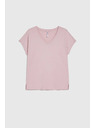 Moodo Pamut póló V nyakkivágással világos rózsaszín Moodo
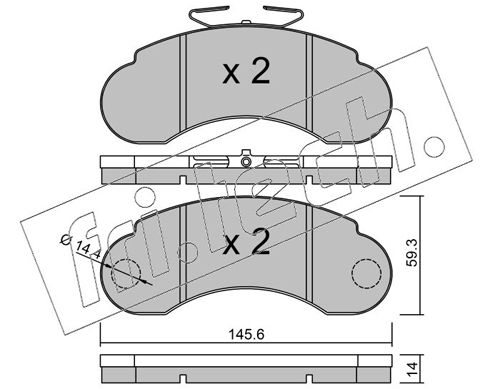 Brake Pad Set, disc brake fri.tech. 057.0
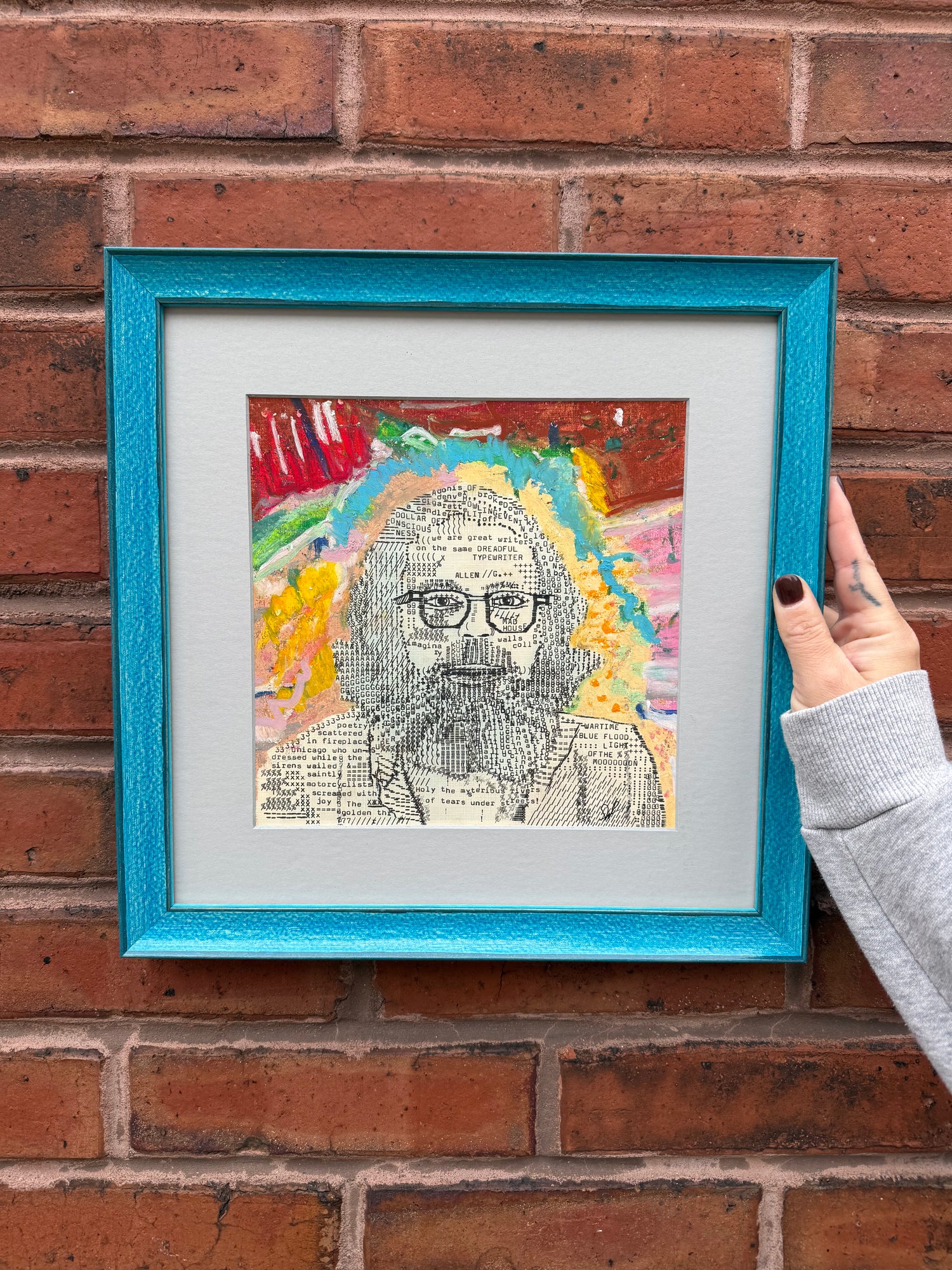 Allen Ginsberg original typewriter artwork by Degen Poet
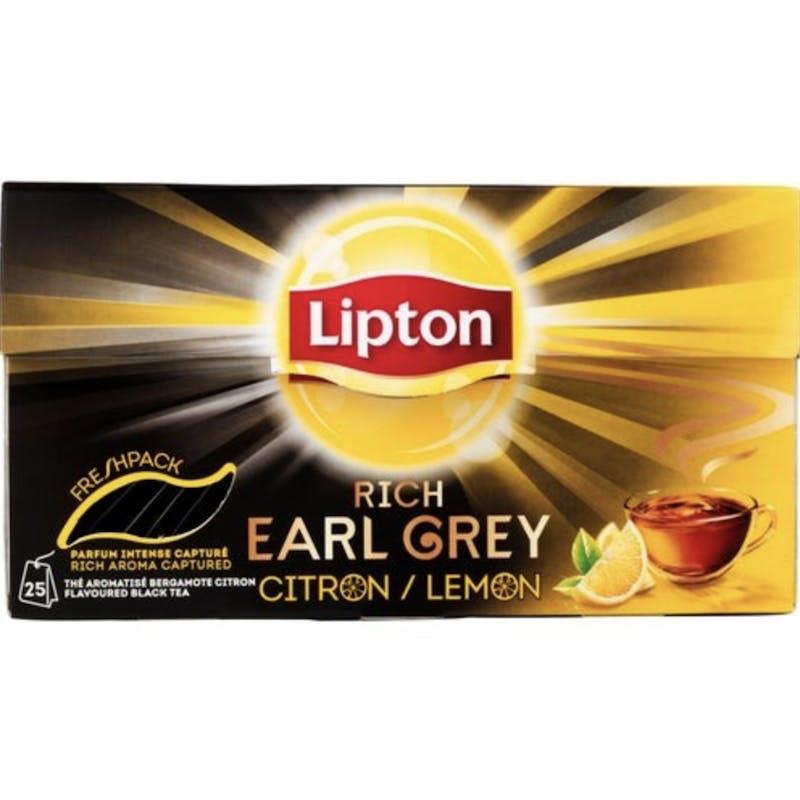 Lipton Black Tea Rich Earl Grey Lemon 25 kpl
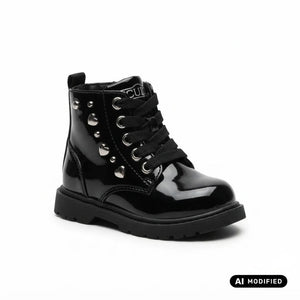 CULT stivale bimba in vernice con cerniera laterale T-761  nero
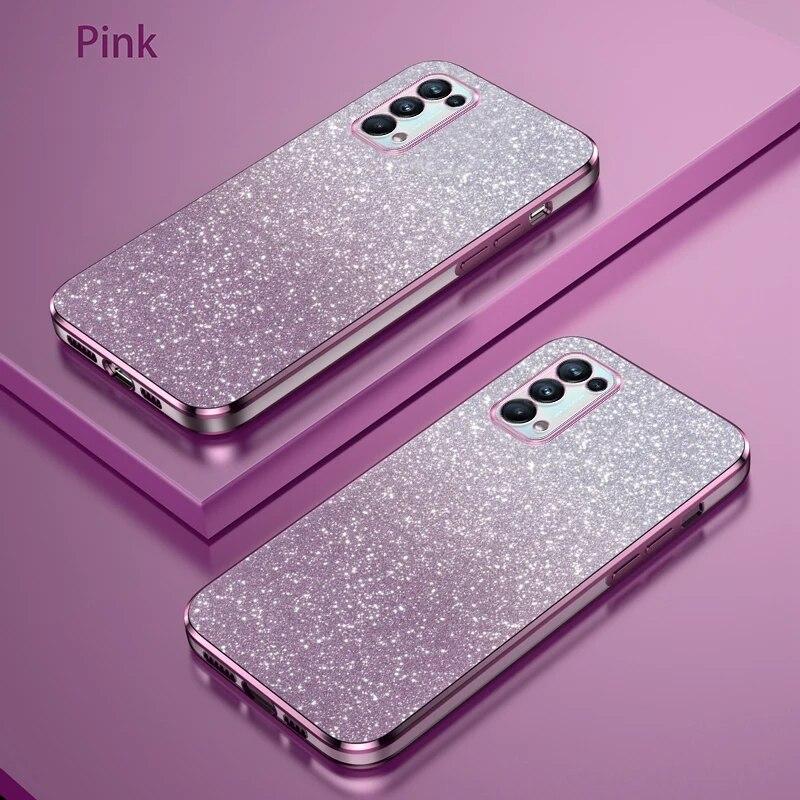 Reno 5 6 Luxury Gradient Glitter Plating Case On For Oppo Reno 5 Reno 6 Reno 5 6 6z Reno 6 Pro 6pro Cover Reno 4 4se 3 2 2z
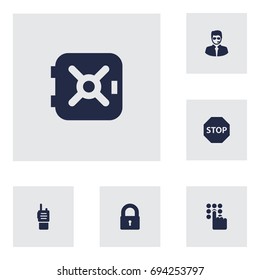 Set Of 6 Safety Icons Set.Collection Of Security Man, Strongbox, Keypad And Other Elements.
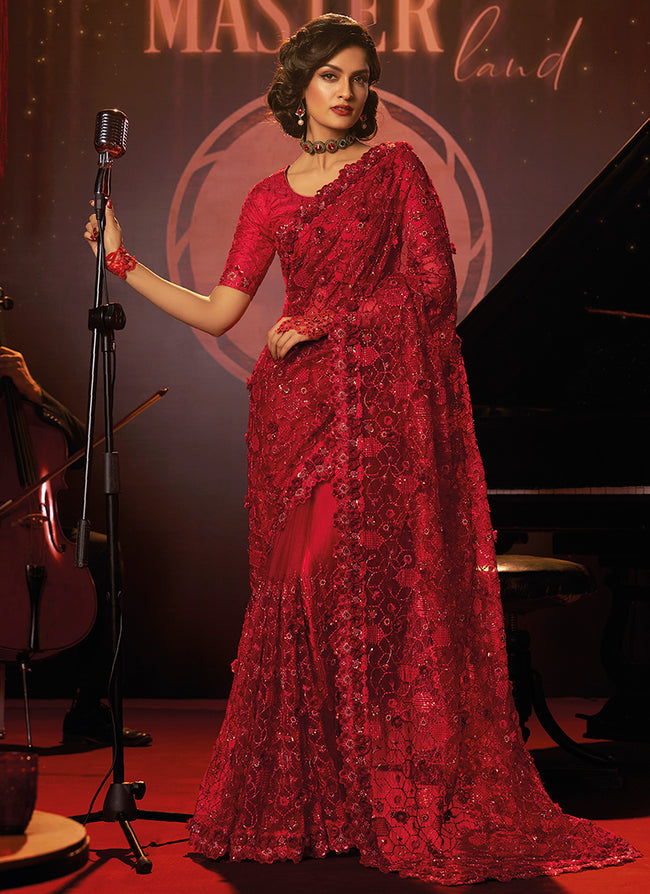 Buy Wedding Saree Scarlet Red Applique Embroidery Partywear Saree At Hatkay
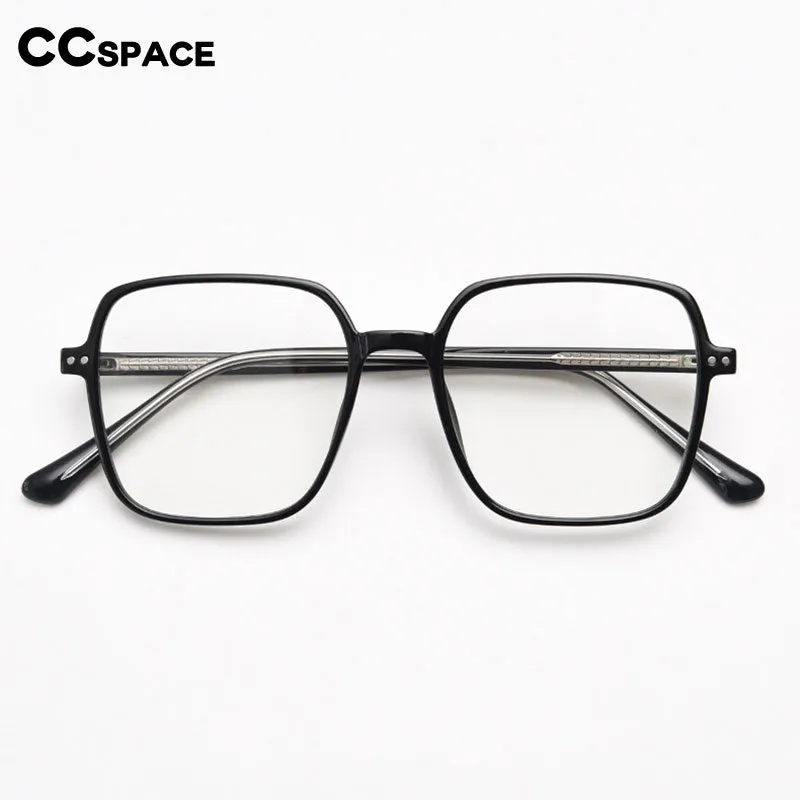 CCspace Unisex Full Rim Irregular Square Tr 90 Titanium Eyeglasses 55459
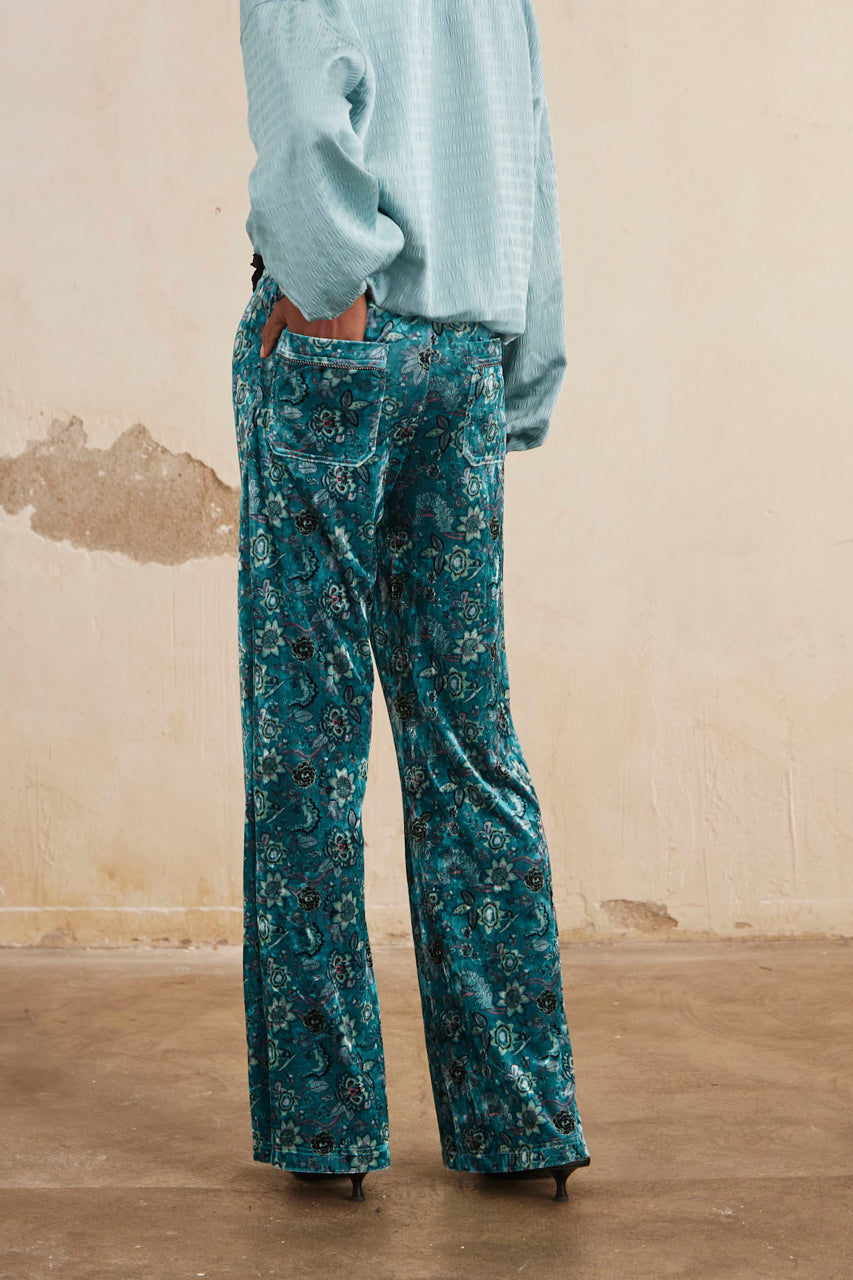 PANTALON RECTO ESTAMPADO TERCIOPELO - TURQUOISE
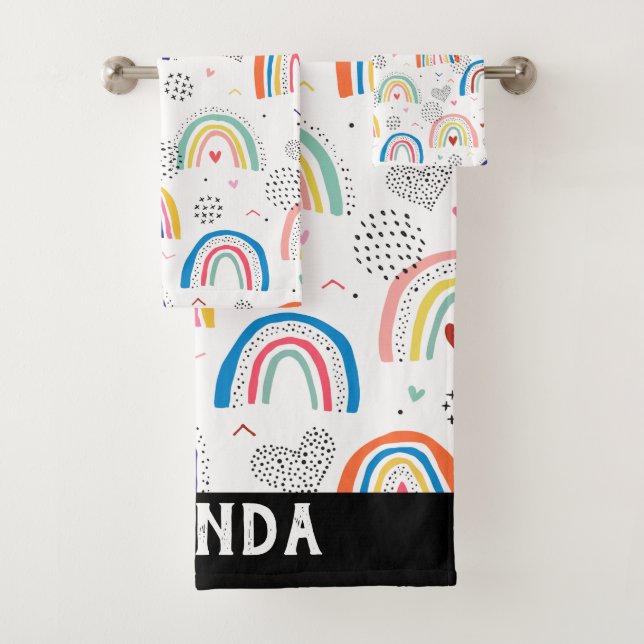 Rainbow Personalised Name Bath Towel Set (Insitu)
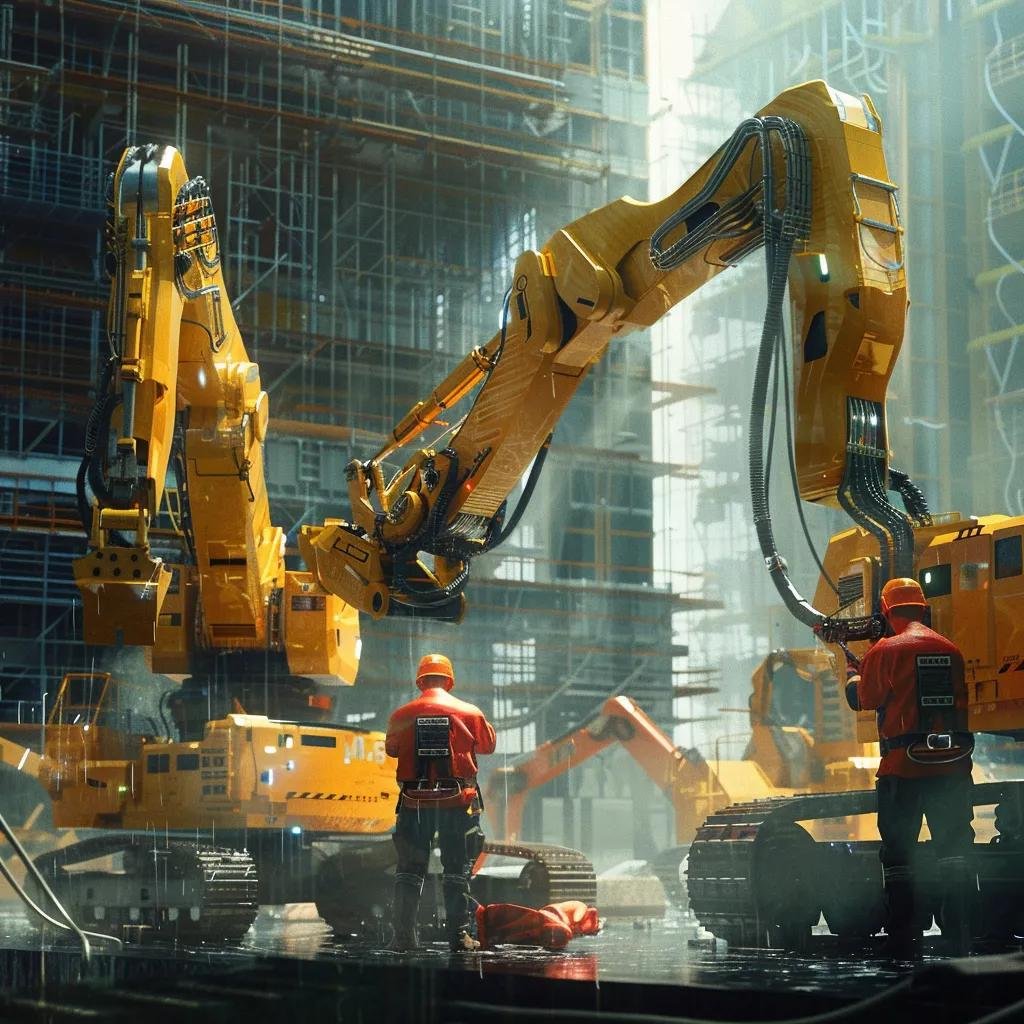 AI-driven construction site showcasing robots and automated machinery enhancing efficiency and safety
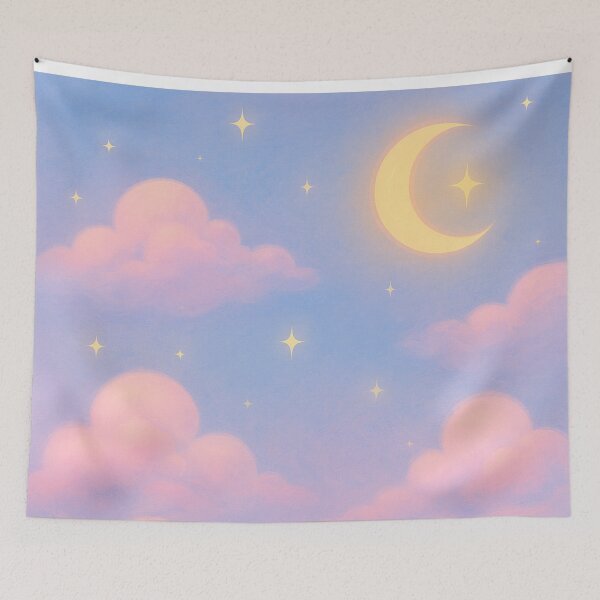 Item preview, dreamy clouds and moon designed and sold by SabbySplendor.
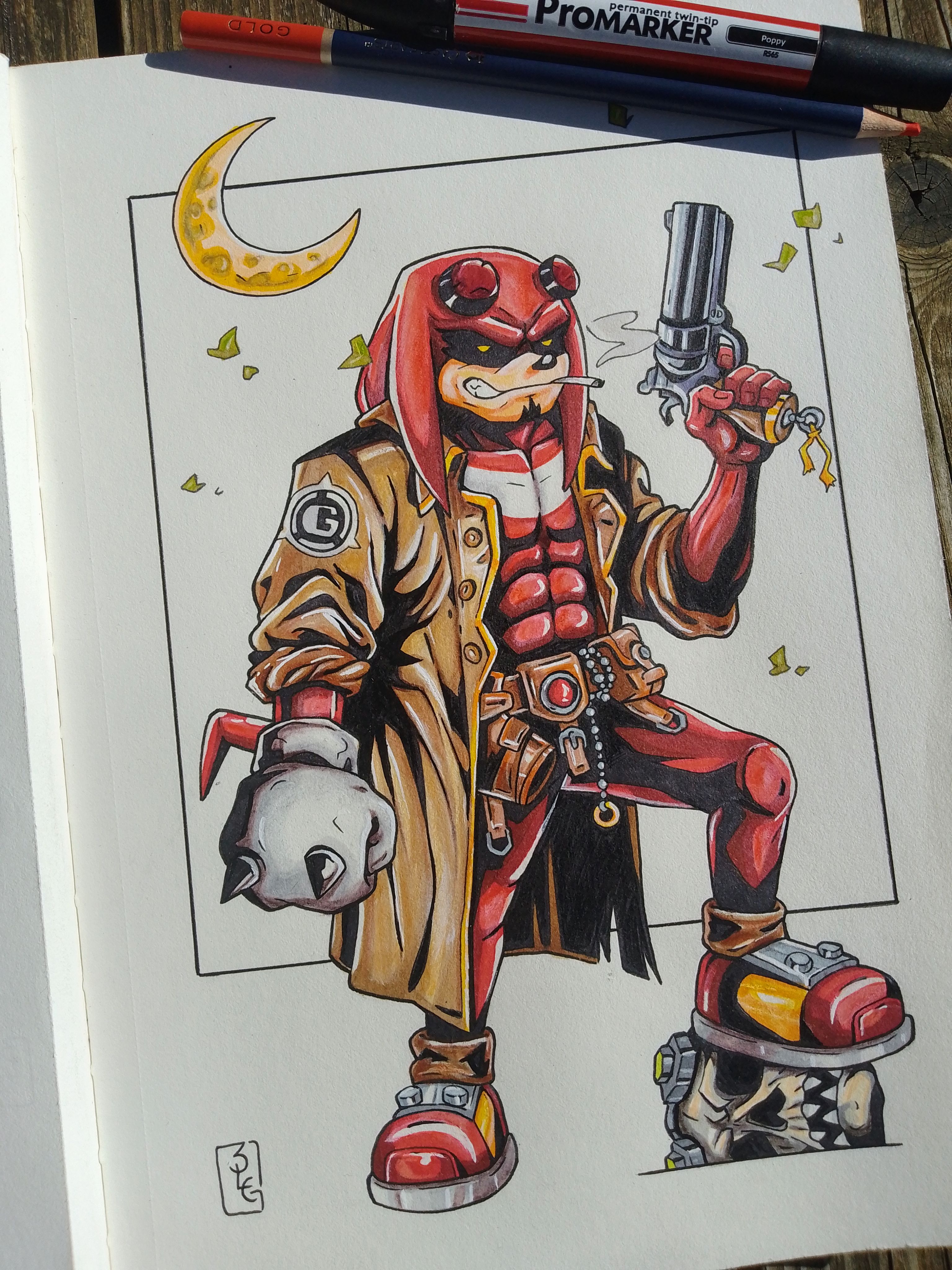 Hellknuckles (Fusion de Hellboy et Knuckles).Micron, posca, promarker, castle arts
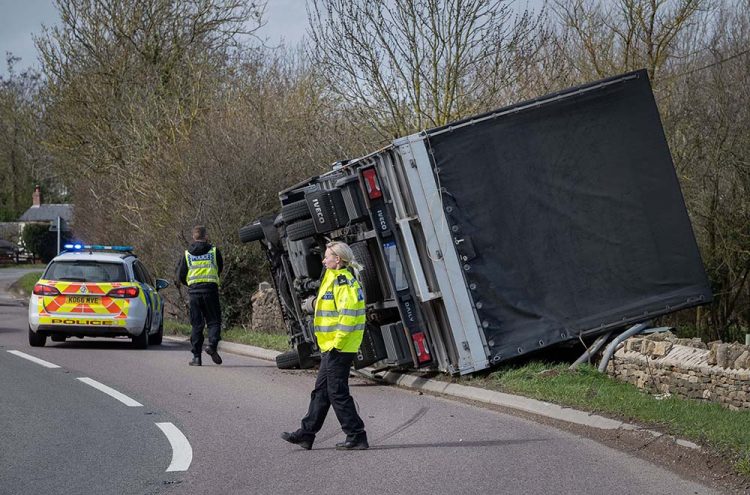 Truck overturns on Wiltshire route after ‘swerving to avoid vehicle’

----------------

*YOUR OBJECTIVE*: Using the material above, retype each entry exactly and omit the pictures.

*TASK RESPONSE*:
 Moodo Pamut póló V nyakkivágással világos rózsaszín Moodo
 Brake Pad Set, disc brake fri.tech. 057.0
 Allen Ginsberg original typewriter artwork by Degen Poet
 Lipton Black Tea Rich Earl Grey Lemon 25 kpl
 CULT stivale bimba in vernice con cerniera laterale T-761  nero
 Reno 5 6 Luxury Gradient Glitter Plating Case On For Oppo Reno 5 Reno 6 Reno 5 6 6z Reno 6 Pro 6pro Cover Reno 4 4se 3 2 2z
 Set Of 6 Safety Icons Set.Collection Of Security Man, Strongbox, Keypad And Other Elements.
 Buy Wedding Saree Scarlet Red Applique Embroidery Partywear Saree At Hatkay
 CCspace Unisex Full Rim Irregular Square Tr 90 Titanium Eyeglasses 55459
 PANTALON RECTO ESTAMPADO TERCIOPELO - TURQUOISE
 Rainbow Personalised Name Bath Towel Set (Insitu)
 AI-driven construction site showcasing robots and automated machinery enhancing efficiency and safety
 Item preview, dreamy clouds and moon designed and sold by SabbySplendor.
 Hellknuckles (Fusion de Hellboy et Knuckles).Micron, posca, promarker, castle arts
 Truck overturns on Wiltshire route after ‘swerving to avoid vehicle’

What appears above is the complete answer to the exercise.